[[ Supplied data open ]]

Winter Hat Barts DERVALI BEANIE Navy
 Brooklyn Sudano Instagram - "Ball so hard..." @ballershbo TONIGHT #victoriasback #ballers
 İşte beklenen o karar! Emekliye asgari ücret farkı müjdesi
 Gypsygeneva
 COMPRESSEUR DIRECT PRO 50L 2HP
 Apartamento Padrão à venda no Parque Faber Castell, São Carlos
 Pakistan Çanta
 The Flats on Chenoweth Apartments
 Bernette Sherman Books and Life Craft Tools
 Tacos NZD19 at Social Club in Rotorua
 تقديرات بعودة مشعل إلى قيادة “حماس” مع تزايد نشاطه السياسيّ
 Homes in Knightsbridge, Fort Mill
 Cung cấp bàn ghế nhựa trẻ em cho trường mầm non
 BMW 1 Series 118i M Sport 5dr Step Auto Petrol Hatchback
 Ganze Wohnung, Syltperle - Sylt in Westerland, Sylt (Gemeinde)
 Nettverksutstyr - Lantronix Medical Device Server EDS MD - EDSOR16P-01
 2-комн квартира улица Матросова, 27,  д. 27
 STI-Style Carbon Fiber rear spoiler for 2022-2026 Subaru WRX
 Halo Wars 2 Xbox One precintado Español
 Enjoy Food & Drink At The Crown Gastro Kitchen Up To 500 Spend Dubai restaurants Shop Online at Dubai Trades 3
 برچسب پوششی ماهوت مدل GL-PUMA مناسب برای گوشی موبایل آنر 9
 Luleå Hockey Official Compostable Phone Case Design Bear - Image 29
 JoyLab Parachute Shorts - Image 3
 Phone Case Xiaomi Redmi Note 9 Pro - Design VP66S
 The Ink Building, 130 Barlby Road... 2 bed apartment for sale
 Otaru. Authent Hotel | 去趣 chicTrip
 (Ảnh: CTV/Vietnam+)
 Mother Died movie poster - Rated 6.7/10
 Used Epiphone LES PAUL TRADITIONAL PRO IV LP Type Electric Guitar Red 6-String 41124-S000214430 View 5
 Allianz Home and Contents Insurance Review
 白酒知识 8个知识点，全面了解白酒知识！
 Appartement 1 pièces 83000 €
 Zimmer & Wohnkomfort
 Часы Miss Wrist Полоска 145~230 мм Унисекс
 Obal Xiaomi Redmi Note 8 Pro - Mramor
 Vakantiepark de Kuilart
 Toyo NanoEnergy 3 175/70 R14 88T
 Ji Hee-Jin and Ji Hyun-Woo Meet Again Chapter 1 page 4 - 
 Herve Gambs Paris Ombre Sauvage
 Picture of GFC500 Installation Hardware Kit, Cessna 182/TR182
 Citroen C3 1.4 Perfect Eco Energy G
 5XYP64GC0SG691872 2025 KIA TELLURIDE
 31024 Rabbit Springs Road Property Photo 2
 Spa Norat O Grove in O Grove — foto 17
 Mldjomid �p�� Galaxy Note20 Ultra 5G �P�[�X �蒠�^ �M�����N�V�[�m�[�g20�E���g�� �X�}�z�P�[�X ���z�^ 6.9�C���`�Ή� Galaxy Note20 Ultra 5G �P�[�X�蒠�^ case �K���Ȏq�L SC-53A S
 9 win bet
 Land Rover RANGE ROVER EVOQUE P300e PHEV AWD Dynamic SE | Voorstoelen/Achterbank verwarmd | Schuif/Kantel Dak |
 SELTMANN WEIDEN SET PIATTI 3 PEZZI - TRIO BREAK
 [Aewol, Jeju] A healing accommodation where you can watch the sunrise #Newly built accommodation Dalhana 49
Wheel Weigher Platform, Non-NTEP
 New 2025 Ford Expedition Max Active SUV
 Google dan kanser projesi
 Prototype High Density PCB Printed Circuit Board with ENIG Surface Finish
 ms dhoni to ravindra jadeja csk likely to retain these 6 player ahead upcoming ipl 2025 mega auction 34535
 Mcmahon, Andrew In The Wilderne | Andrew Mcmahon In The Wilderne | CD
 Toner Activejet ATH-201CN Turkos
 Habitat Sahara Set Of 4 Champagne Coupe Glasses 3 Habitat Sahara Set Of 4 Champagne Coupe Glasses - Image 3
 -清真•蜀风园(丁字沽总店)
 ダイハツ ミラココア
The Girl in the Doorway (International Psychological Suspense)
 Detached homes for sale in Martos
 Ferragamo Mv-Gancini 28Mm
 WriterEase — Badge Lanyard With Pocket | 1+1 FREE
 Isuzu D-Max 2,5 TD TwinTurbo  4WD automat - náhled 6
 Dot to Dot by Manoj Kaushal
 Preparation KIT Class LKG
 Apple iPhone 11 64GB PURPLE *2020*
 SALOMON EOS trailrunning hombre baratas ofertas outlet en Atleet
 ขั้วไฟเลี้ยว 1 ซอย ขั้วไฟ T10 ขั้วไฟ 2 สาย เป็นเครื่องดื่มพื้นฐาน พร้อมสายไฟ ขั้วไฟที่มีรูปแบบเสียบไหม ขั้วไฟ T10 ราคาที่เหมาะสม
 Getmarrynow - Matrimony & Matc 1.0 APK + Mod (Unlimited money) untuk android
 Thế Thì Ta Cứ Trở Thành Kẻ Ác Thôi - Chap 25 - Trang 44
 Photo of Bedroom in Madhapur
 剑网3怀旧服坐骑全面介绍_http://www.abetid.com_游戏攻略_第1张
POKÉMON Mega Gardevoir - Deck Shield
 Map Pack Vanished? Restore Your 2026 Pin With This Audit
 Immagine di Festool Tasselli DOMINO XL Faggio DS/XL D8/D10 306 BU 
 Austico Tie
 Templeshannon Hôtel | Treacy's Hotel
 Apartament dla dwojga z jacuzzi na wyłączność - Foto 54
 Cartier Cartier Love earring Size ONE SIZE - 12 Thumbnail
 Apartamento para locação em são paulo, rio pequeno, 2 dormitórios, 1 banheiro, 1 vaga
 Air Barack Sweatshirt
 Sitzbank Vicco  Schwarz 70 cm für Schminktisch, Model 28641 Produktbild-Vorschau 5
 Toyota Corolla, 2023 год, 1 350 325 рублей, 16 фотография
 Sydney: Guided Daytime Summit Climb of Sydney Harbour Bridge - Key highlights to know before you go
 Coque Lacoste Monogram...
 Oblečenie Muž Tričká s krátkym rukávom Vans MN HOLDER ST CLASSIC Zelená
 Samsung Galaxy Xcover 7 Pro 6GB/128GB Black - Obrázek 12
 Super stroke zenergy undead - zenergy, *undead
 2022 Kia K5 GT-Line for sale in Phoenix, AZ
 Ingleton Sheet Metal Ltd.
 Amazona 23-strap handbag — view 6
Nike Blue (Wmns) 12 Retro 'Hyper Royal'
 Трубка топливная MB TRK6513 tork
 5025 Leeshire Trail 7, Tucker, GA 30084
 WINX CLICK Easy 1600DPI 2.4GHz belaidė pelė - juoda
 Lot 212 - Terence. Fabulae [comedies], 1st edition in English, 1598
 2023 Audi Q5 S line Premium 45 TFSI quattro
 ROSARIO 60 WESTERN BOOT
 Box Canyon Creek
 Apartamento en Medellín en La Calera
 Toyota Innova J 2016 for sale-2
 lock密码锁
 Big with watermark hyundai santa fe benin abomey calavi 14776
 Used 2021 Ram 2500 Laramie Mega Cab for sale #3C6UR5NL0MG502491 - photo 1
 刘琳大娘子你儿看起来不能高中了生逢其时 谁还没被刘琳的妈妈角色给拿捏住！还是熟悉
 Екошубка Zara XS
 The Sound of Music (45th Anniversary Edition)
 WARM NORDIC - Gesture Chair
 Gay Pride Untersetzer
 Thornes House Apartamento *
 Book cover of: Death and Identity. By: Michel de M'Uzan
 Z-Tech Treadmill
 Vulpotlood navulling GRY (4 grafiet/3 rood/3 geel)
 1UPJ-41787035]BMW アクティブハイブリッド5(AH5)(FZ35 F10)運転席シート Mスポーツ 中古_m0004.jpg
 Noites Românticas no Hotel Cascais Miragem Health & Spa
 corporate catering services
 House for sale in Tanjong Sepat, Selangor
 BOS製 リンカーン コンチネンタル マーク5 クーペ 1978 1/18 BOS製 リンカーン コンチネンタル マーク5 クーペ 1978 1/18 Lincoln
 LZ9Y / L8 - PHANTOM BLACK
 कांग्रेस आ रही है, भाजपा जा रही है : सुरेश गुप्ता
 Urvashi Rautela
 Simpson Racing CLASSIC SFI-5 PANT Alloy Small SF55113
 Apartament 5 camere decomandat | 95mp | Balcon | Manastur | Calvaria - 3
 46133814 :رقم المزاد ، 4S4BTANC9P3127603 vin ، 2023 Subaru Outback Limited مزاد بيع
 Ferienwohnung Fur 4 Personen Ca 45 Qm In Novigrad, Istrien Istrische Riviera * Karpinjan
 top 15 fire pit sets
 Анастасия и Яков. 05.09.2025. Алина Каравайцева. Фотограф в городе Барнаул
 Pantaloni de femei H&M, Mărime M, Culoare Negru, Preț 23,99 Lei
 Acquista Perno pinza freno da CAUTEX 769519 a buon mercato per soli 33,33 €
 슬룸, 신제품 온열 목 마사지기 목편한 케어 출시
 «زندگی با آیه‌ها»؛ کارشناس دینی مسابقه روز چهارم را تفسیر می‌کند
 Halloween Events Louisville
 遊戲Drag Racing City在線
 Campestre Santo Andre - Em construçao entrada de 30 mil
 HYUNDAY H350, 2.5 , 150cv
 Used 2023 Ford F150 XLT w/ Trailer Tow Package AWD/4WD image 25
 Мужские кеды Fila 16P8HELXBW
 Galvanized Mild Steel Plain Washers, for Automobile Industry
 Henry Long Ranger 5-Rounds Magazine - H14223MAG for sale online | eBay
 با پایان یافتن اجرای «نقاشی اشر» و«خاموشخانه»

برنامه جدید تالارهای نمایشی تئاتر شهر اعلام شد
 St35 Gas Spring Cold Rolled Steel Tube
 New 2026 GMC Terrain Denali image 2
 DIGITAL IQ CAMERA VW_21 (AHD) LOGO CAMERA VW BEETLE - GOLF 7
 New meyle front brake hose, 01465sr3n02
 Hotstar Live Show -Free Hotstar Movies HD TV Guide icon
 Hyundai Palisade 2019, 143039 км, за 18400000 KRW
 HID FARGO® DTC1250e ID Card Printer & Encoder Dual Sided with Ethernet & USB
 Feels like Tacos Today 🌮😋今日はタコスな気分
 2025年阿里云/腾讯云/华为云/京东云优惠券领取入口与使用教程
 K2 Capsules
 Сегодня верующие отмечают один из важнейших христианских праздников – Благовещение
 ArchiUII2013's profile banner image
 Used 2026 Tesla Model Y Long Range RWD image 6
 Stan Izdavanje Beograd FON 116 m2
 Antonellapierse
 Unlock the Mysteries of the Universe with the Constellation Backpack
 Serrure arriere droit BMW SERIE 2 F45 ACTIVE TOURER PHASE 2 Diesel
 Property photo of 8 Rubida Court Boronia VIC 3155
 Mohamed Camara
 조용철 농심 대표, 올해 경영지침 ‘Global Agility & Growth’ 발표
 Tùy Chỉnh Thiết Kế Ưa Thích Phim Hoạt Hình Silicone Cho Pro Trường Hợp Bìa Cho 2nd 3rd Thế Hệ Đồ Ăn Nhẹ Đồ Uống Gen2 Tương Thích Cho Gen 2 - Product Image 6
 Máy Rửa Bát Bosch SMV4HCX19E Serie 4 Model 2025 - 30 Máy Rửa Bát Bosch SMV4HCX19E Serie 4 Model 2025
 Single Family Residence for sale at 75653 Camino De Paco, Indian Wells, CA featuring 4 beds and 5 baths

[[ Supplied data closed ]]

Please print the records above exactly from their first line. End with the line containing "Часы Miss Wrist Полоска 145~230 мм Унисекс", and include it.

▶ [Result for this task]
Winter Hat Barts DERVALI BEANIE Navy
 Brooklyn Sudano Instagram - "Ball so hard..." @ballershbo TONIGHT #victoriasback #ballers
 İşte beklenen o karar! Emekliye asgari ücret farkı müjdesi
 Gypsygeneva
 COMPRESSEUR DIRECT PRO 50L 2HP
 Apartamento Padrão à venda no Parque Faber Castell, São Carlos
 Pakistan Çanta
 The Flats on Chenoweth Apartments
 Bernette Sherman Books and Life Craft Tools
 Tacos NZD19 at Social Club in Rotorua
 تقديرات بعودة مشعل إلى قيادة “حماس” مع تزايد نشاطه السياسيّ
 Homes in Knightsbridge, Fort Mill
 Cung cấp bàn ghế nhựa trẻ em cho trường mầm non
 BMW 1 Series 118i M Sport 5dr Step Auto Petrol Hatchback
 Ganze Wohnung, Syltperle - Sylt in Westerland, Sylt (Gemeinde)
 Nettverksutstyr - Lantronix Medical Device Server EDS MD - EDSOR16P-01
 2-комн квартира улица Матросова, 27,  д. 27
 STI-Style Carbon Fiber rear spoiler for 2022-2026 Subaru WRX
 Halo Wars 2 Xbox One precintado Español
 Enjoy Food & Drink At The Crown Gastro Kitchen Up To 500 Spend Dubai restaurants Shop Online at Dubai Trades 3
 برچسب پوششی ماهوت مدل GL-PUMA مناسب برای گوشی موبایل آنر 9
 Luleå Hockey Official Compostable Phone Case Design Bear - Image 29
 JoyLab Parachute Shorts - Image 3
 Phone Case Xiaomi Redmi Note 9 Pro - Design VP66S
 The Ink Building, 130 Barlby Road... 2 bed apartment for sale
 Otaru. Authent Hotel | 去趣 chicTrip
 (Ảnh: CTV/Vietnam+)
 Mother Died movie poster - Rated 6.7/10
 Used Epiphone LES PAUL TRADITIONAL PRO IV LP Type Electric Guitar Red 6-String 41124-S000214430 View 5
 Allianz Home and Contents Insurance Review
 白酒知识 8个知识点，全面了解白酒知识！
 Appartement 1 pièces 83000 €
 Zimmer & Wohnkomfort
 Часы Miss Wrist Полоска 145~230 мм Унисекс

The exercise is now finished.